This one is a little pest. Let's go through it line by line.

First there is the function which is a bug by itself. It takes the argument $c as a reference so the changes it makes to this variable will be made to the that actual variable what was passed and not to a local copy of the variable.

What the function does at line 4 is rather interesting. It is incrementing the value of $c but because this is a post-increment it is doing so after the value was returned.

So the original given value of $c was returned before it was incremented. But that doesn't mean it's not going to happen (*) and because $c is a reference the increment will be applied to actual variable passed.

When calling the function at line 7 with the uninitialized variable $c the PHP will assume a value of NULL. Although hidden as an argument passed to a function this still is a variable declaration. When you refer to $c later on in the code (while still in the same scope) you will be referring to the variable $c that was created on line 4.

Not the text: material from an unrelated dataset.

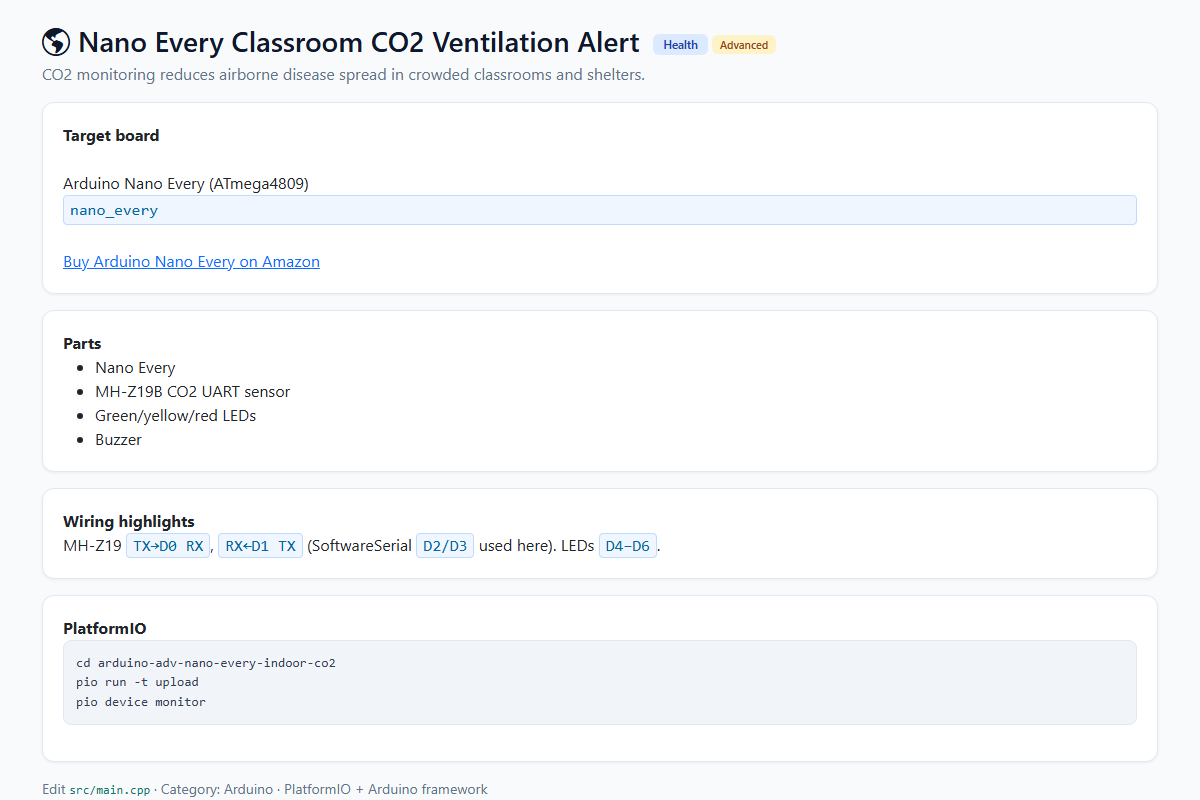 Nano Every Classroom CO2 Ventilation Alert – Arduino / PlatformIO project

As said before the function call at line 7 will return the given value of $c (NULL) but that is not used. But more important, it will increment $c. PHP will consider it an integer with value so the value will become 1.

So at line 8 (that's right no code: therefore we need some whitespace in code sometimes ;) ) the value of $c which was declared at line 7 is 1.

At line 9 it is all happening again: the function returns the given value and the given variable is incremented afterwards. Because $c has the value 1 when entering the function 1 will also be echoed to the screen. Therefore answer B is correct.

And for completeness: at line 10 the value of $c will be 2.

(*) Note that it's actually quite rare that code will be executed after a return statement.